If the reformist school mutilates Marxism thus violently, by reducing the whole of Capital to the paragraphs extolling social legislation, the syndicalists inflict a yet cruder mutilation on the Marxist system by tearing a single page out of Capital, to make of this page the alpha and the omega of their revolutionary creed. It is true that Marx, in the thirty-first chapter of Capital, makes an explicit appeal to force, the midwife of every old society pregnant with a new one; but this appeal is not made until it has been fully demonstrated that the social revolution can only be effected at the close of a slow and lengthy evolutionary process which shall have caused complete disintegration of the existing economic order and shall have paved the way for its inevitable transformation into a superior order.
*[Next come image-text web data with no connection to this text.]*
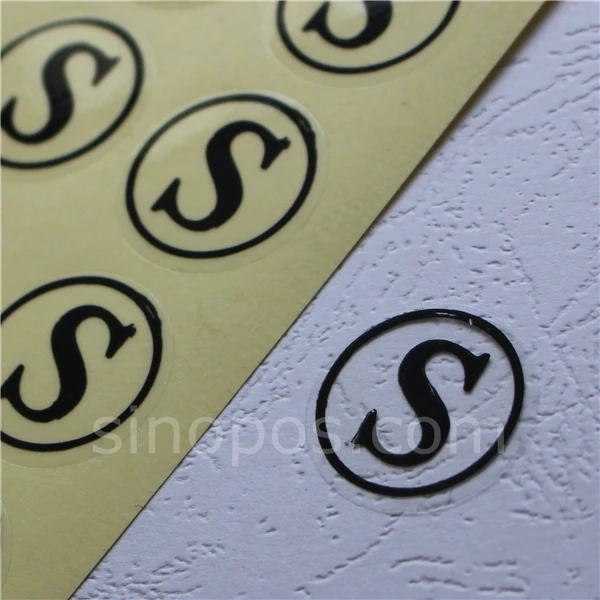 sinopos0600_20190507_250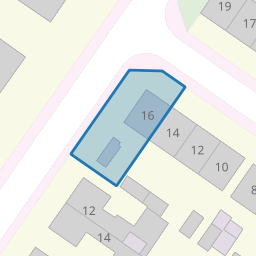 Perceel TNZ00-G-4444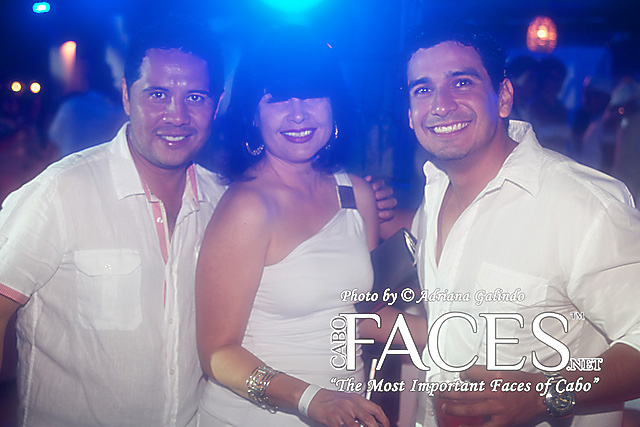 ©www.cabofaces.net Photography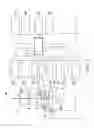 Fig. 02 - DEFECT INSPECTION APPARATUS AND DEFECT INSPECTION METHOD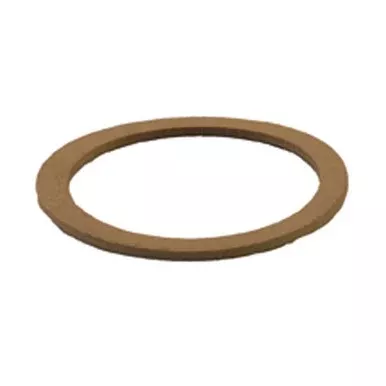 2 in Tailpiece Washer for CHG – Replaces CHG E22-X008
Now the syndicalists unhesitatingly sponge all this demonstration from the slate, and affirm that the proletarian masses can undertake action at any moment, can violently overthrow the prevailing economic order whenever it shall please them to do so; and they declare that it is needless for revolutionists to keep their eyes fixed upon the clock of history, in order to see if this is about to sound the knell of the present social order. It would be superfluous to demonstrate the absurdity of such a thesis, for the very school which proclaims it has assumed the task of giving it the lie in clamorous accents. For if, as the new apostles of force contend, the proletarian masses can at any moment annihilate the prevailing economic order, why do they not rise against the capitalism they detest, and replace it with the co-operative commonwealth for which they long? Why is it that after so much noisy organisation, after so much declamation and delirious excitement, the utmost they are able to do is to tear up a few yards of railway track or to smash a street lamp? Do we not find here an irrefragable demonstration that force is not realisable at any given moment but only in the historic hour when evolution shall have prepared the inevitable fall of the dominant economic system?
Thus whatever they can do, it always seems that the infirm will of the disciples who demand an arbitrary renovation of the social system (whether by legal measures or by force) breaks vainly against the fatality of evolution, and that reformism and syndicalism are merely caricatures, counterfeits, or exaggerations of the many-sided and well-balanced theory of the master, who proposed a threefold line of advance: by social legislation; by the activity of the organised workers; and by revolution. In face of these various forms of neo-marxism, the outcome of mutilations and of one-sided exclusivism, Marx redivivus would have excellent reason for repeating his own adage, so thoughtful and so true, "I am not a Marxist." However striking the temporary success of these new forms among the crowd or among the learned, we may confidently predict that neither reformism nor syndicalism will definitively supplant the Marxist system, which despite all and against all remains and will remain a supreme and invincible force at once of theory and of organisation for the proletarian assault upon the long-enduring fortress of property.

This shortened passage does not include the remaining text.